Fanfare November/December 2011

What are we to make of this potpourri? The second installment in Guild’s continuing Great Pianists series (see Fanfare 34:1 for James A. Altena’s review of Volume I), it brings together the work of three quite different pianists. Yes, if you’re willing to grasp at straws, it’s possible to draw tenuous connections: Mozart provided the source material for Liszt’s paraphrase; both Brailowsky and Cherkassky were born in cities currently part of Ukraine; both Serkin and especially Brailowsky are heard in music outside the repertoire for which they’re most famous. But there’s really no coherence to the disc as a whole. No coherence-but a fair amount of interest nonetheless.
Most surprising, perhaps, is the dynamic reading of the Mozart concerto. To the extent that he’s remembered, Brailowsky is best known for his recordings of the Romantic repertoire, especially Chopin, and I was expecting either a slightly thick and “expressive” performance or else one that traded in Mozart’s punch for a kind of prettified finesse.

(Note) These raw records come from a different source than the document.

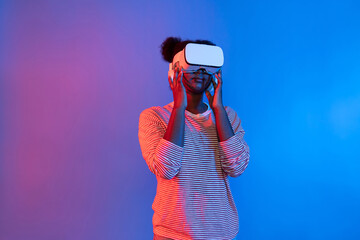 Young African woman with VR in presentation through metaverse study online neon studio lighting...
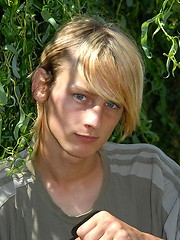 Naked blonde teen boy posing in the garden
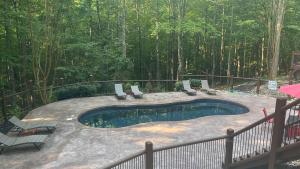 einen Pool mit Stühlen, einem Zaun und Bäumen in der Unterkunft Misty Mountain by AvantStay Hot Tub Mountain Views Theater Pool Table in Gatlinburg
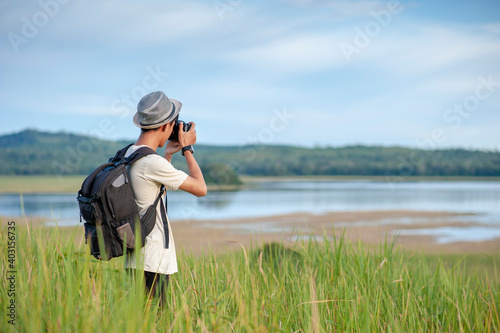 Young Asian man traveler wearing knitted hat with backpack taking a photo at amazing lake.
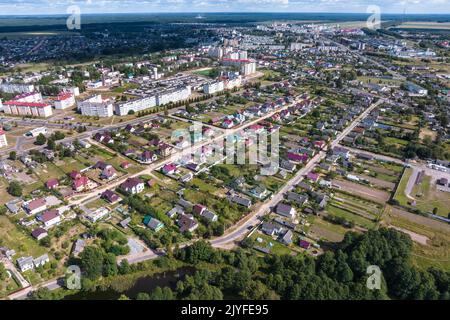 vue panoramique aérienne du village vert avec maisons, granges et route de gravier en forêt Banque D'Images
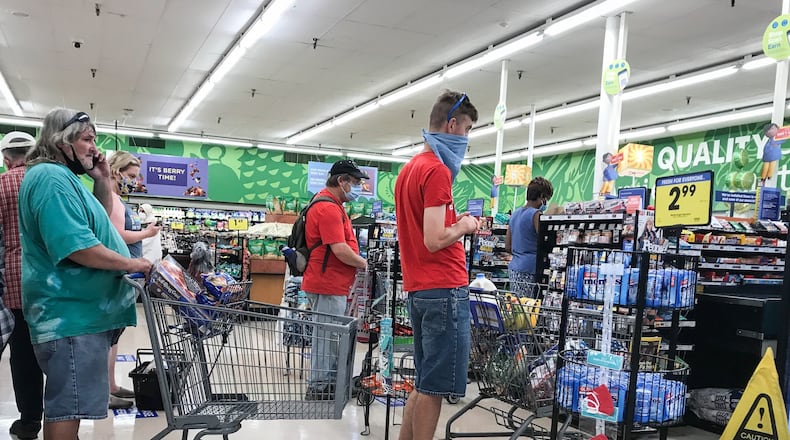 People wait in line at the Krogers on Wayne Ave. Thursday July 9, 2020. The U.S. Census Bureau looked at how Americans spent their stimulus checks. JIM NOELKER/STAFF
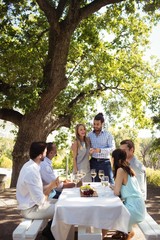 Group of friends interacting with each other while having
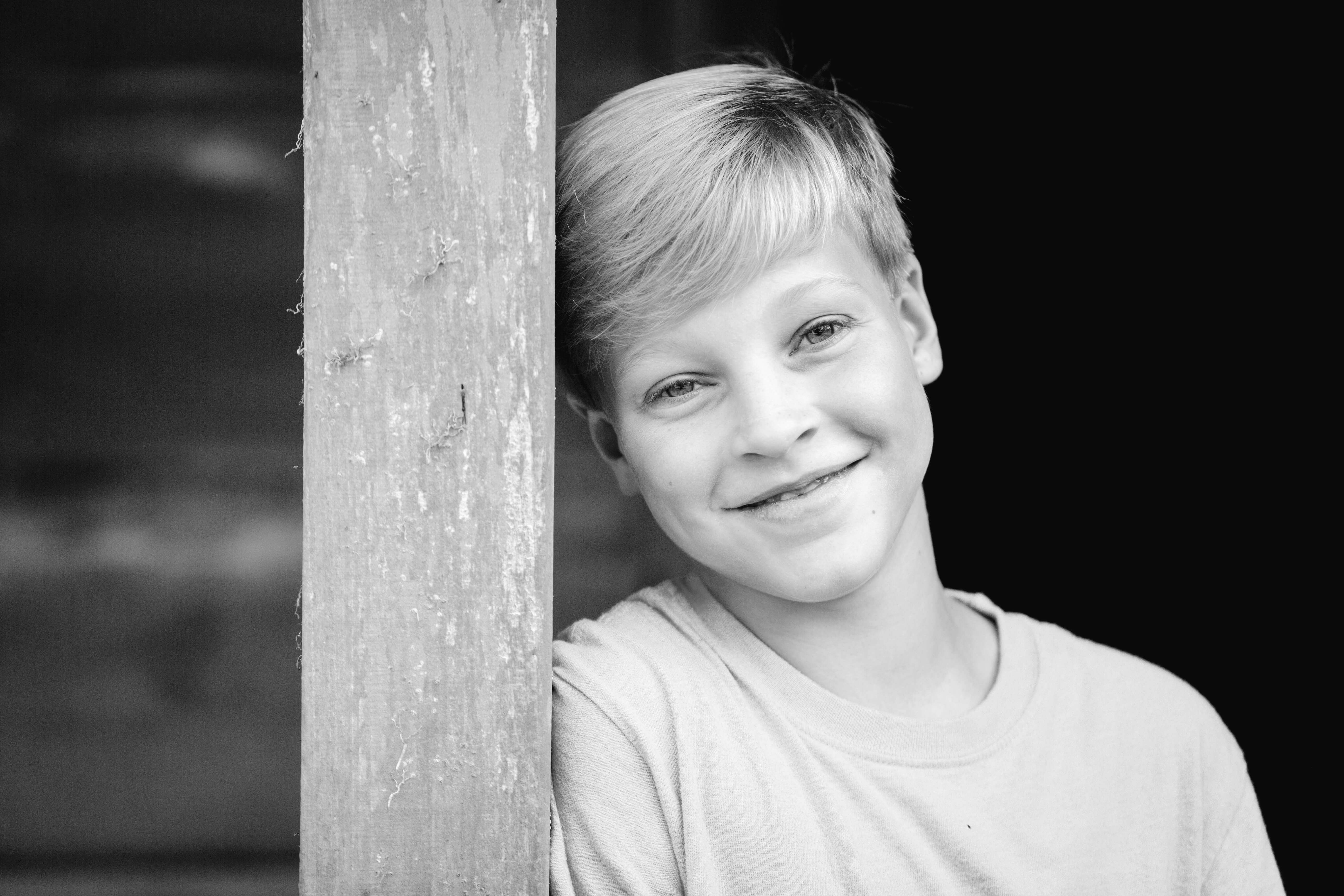 boy smirking in jackson lake island alabama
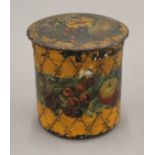 A painted papier mache tea caddy. 11.5 cm high.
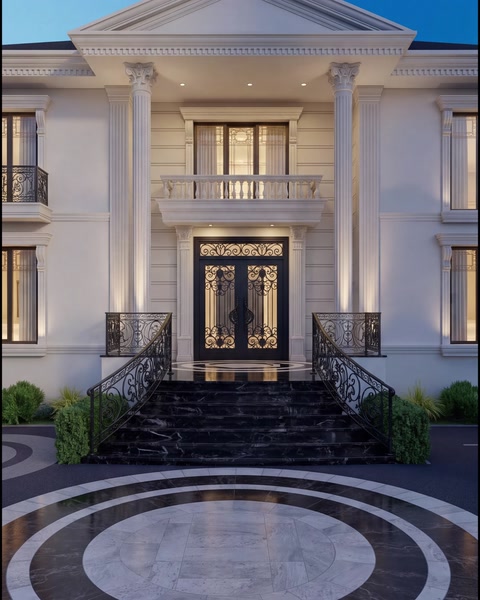 Grand villa entrance framed by columns, balcony mouldings and steps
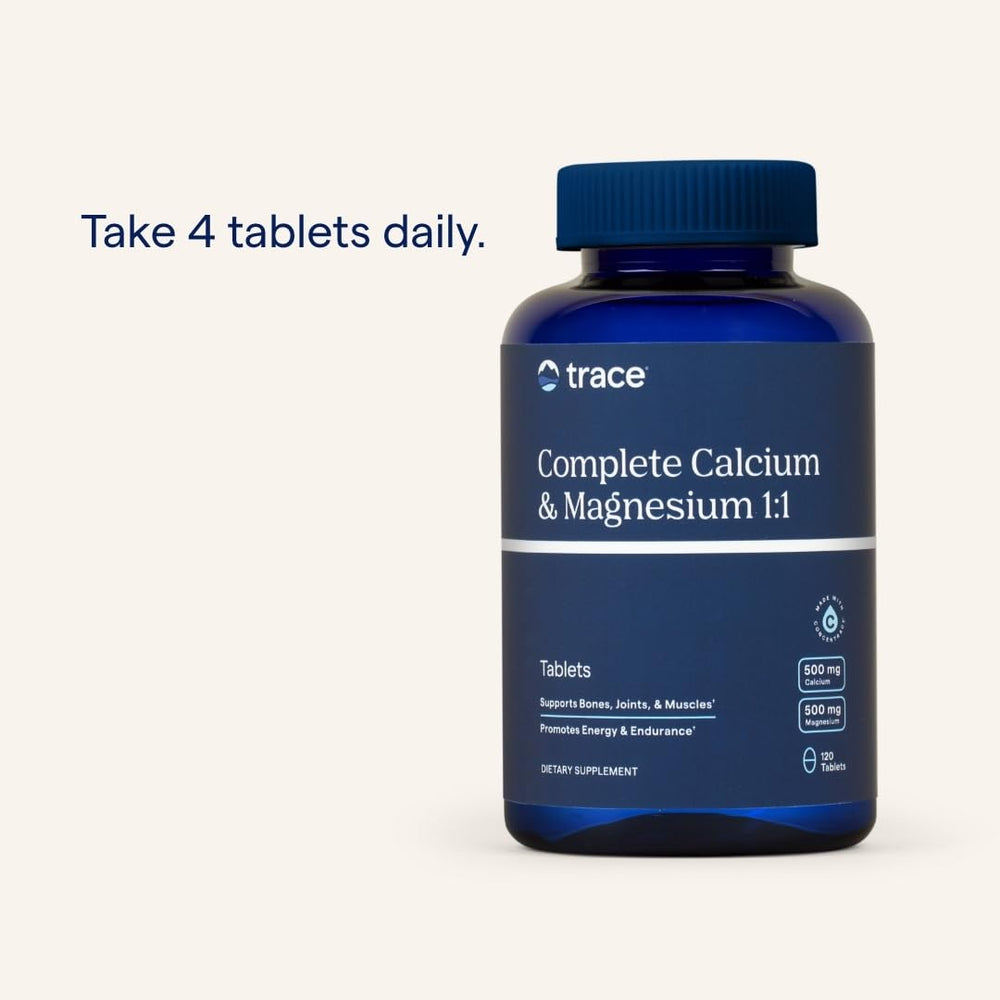 Lifestyle image with tablets and a glass of water
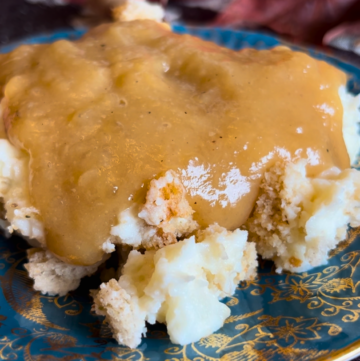 A blue and gold plate with mashed potato casserole and turkey gravy.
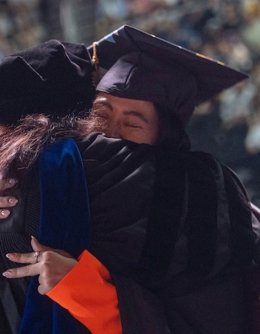 Graduate in cap and gown at ceremony in heartfelt embrace with faculty member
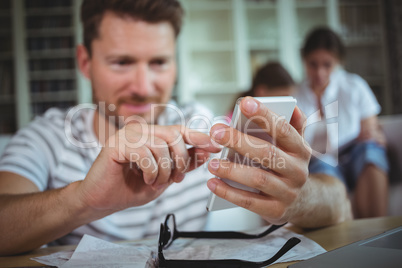 Happy man sitting at table and using his mobile phone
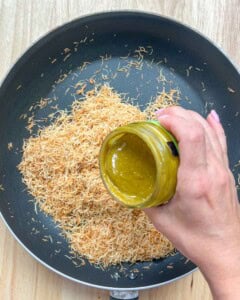 pouring pistachio butter over kataifi in pan.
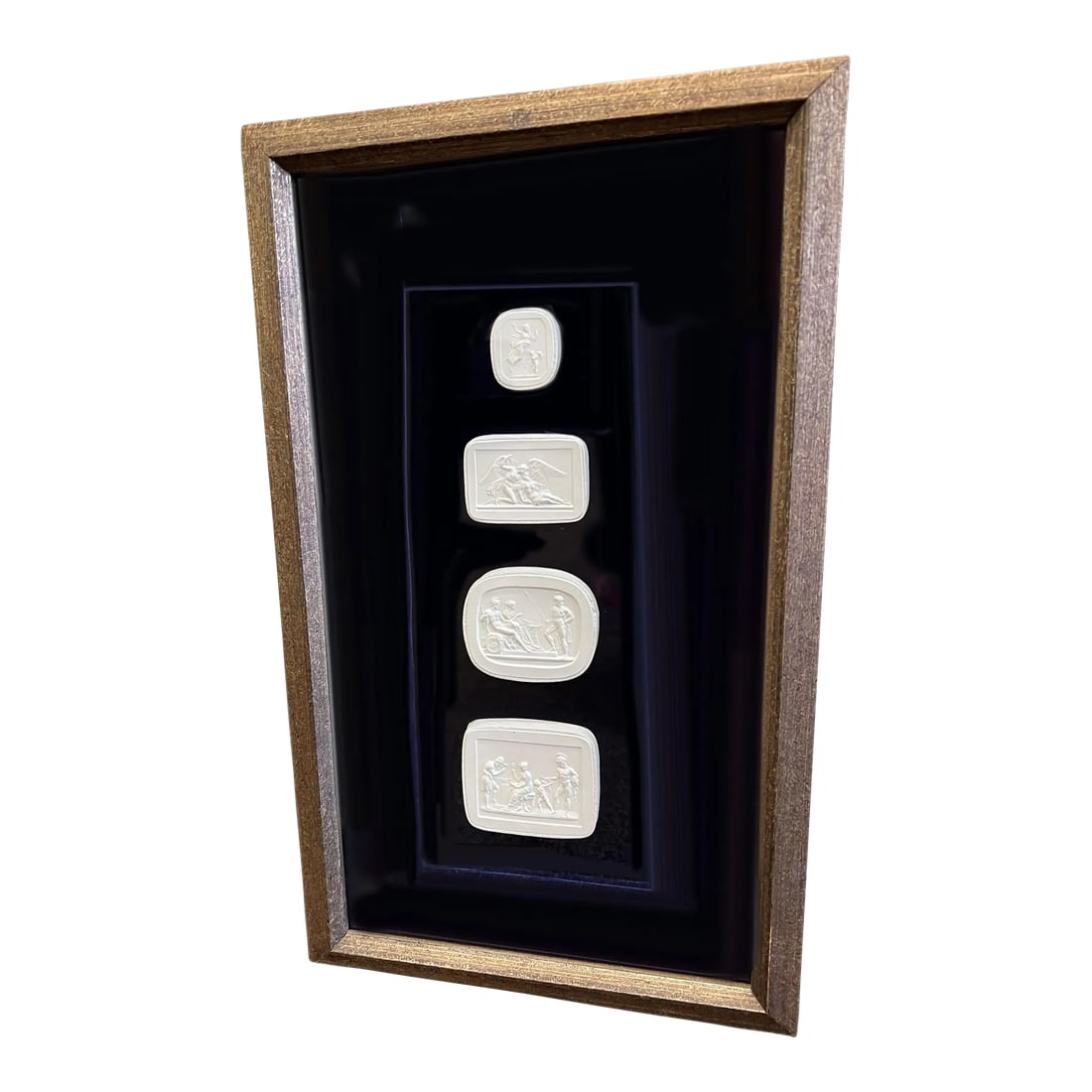 19th Century Italian Grand Tour Intaglios: Set of four framed Grand Tour Intaglio bust on black. 19th century, Italy. Condition: Alterations: Original Condition Unaltered Imperfections: Some Imperfections Condition Notes: Excellent condition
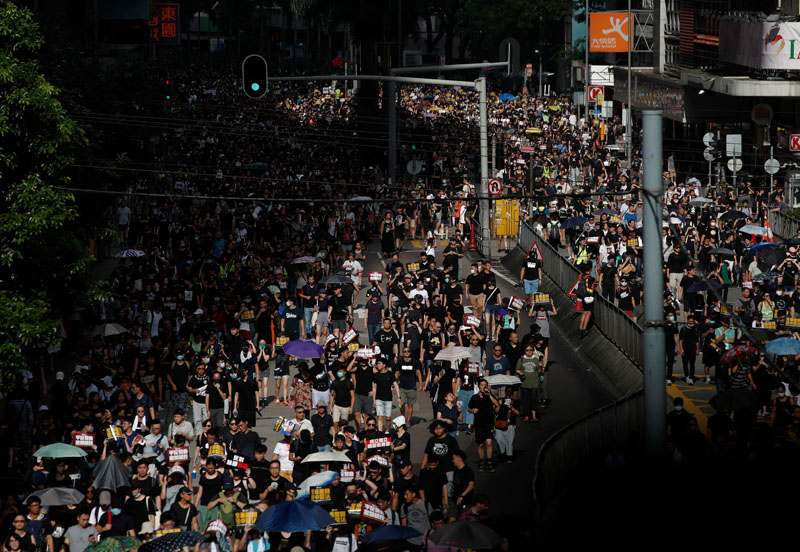 Anti-extradition demonstrators march to call for democratic reforms, in Hong Kong, China July 21, 2019. Photo: Reuters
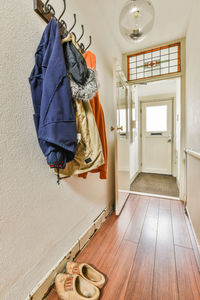 Low section of woman standing in room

Except for a few lush moments in the second movement, though, we get nothing of the sort. In part, no doubt, because Koussevitzky was a fairly vital Mozartian, this collaboration-taped with a reduced orchestra at the opening concert of a much scaled-back wartime Tanglewood season-zips along with clarity and rhythmic spit. Brailowsky’s tone is a bit brittle in spots, and the finale could fairly be accused of breathlessness.
But it’s a fascinating document nonetheless.
Strauss’s Burleske may not be the first work you immediately associate with Rudolf Serkin, but he made an often-reissued commercial recording with Ormandy in 1966, and he performed it with some regularity. In fact, he and Mitropoulos played it with the New York Philharmonic in three different seasons during the 1950s. This particular reading, taken at a fairly quick tempo, has an engagingly rough-and-tumble personality with plenty of raw energy-but especially in comparison with Marc-André Hamelin’s graciously witty account (see Dave Saemann’s review in 35:1), it may seem more than a bit scrambly.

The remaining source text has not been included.